Required work - Write each entry out again exactly, with nothing omitted.

Web page caption snippets:
++++++++++

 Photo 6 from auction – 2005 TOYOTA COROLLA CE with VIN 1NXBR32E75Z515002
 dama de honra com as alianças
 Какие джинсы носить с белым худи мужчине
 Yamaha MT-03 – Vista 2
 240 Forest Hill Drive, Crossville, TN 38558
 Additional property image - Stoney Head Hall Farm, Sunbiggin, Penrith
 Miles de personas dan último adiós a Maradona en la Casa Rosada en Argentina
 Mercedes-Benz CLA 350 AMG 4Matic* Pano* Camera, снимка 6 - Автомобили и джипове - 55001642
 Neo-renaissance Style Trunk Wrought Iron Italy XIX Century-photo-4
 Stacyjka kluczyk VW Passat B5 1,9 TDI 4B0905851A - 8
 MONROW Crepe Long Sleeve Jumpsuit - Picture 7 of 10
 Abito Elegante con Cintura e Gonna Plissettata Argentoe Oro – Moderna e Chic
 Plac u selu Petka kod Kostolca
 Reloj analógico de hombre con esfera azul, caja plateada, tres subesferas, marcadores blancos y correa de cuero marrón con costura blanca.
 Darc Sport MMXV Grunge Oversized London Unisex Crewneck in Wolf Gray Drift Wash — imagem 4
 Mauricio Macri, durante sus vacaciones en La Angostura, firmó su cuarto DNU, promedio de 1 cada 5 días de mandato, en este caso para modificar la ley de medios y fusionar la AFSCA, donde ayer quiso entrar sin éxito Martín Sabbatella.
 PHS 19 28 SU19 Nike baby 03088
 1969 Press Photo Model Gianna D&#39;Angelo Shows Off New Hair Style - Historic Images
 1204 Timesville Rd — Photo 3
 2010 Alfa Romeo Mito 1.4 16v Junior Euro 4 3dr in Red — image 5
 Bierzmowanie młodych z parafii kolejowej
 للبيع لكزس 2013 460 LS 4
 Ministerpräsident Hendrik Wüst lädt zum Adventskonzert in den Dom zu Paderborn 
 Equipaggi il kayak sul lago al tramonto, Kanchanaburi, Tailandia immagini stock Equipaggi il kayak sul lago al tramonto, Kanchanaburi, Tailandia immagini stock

++++++++++

Result of the task -
 Photo 6 from auction – 2005 TOYOTA COROLLA CE with VIN 1NXBR32E75Z515002
 dama de honra com as alianças
 Какие джинсы носить с белым худи мужчине
 Yamaha MT-03 – Vista 2
 240 Forest Hill Drive, Crossville, TN 38558
 Additional property image - Stoney Head Hall Farm, Sunbiggin, Penrith
 Miles de personas dan último adiós a Maradona en la Casa Rosada en Argentina
 Mercedes-Benz CLA 350 AMG 4Matic* Pano* Camera, снимка 6 - Автомобили и джипове - 55001642
 Neo-renaissance Style Trunk Wrought Iron Italy XIX Century-photo-4
 Stacyjka kluczyk VW Passat B5 1,9 TDI 4B0905851A - 8
 MONROW Crepe Long Sleeve Jumpsuit - Picture 7 of 10
 Abito Elegante con Cintura e Gonna Plissettata Argentoe Oro – Moderna e Chic
 Plac u selu Petka kod Kostolca
 Reloj analógico de hombre con esfera azul, caja plateada, tres subesferas, marcadores blancos y correa de cuero marrón con costura blanca.
 Darc Sport MMXV Grunge Oversized London Unisex Crewneck in Wolf Gray Drift Wash — imagem 4
 Mauricio Macri, durante sus vacaciones en La Angostura, firmó su cuarto DNU, promedio de 1 cada 5 días de mandato, en este caso para modificar la ley de medios y fusionar la AFSCA, donde ayer quiso entrar sin éxito Martín Sabbatella.
 PHS 19 28 SU19 Nike baby 03088
 1969 Press Photo Model Gianna D&#39;Angelo Shows Off New Hair Style - Historic Images
 1204 Timesville Rd — Photo 3
 2010 Alfa Romeo Mito 1.4 16v Junior Euro 4 3dr in Red — image 5
 Bierzmowanie młodych z parafii kolejowej
 للبيع لكزس 2013 460 LS 4
 Ministerpräsident Hendrik Wüst lädt zum Adventskonzert in den Dom zu Paderborn 
 Equipaggi il kayak sul lago al tramonto, Kanchanaburi, Tailandia immagini stock Equipaggi il kayak sul lago al tramonto, Kanchanaburi, Tailandia immagini stock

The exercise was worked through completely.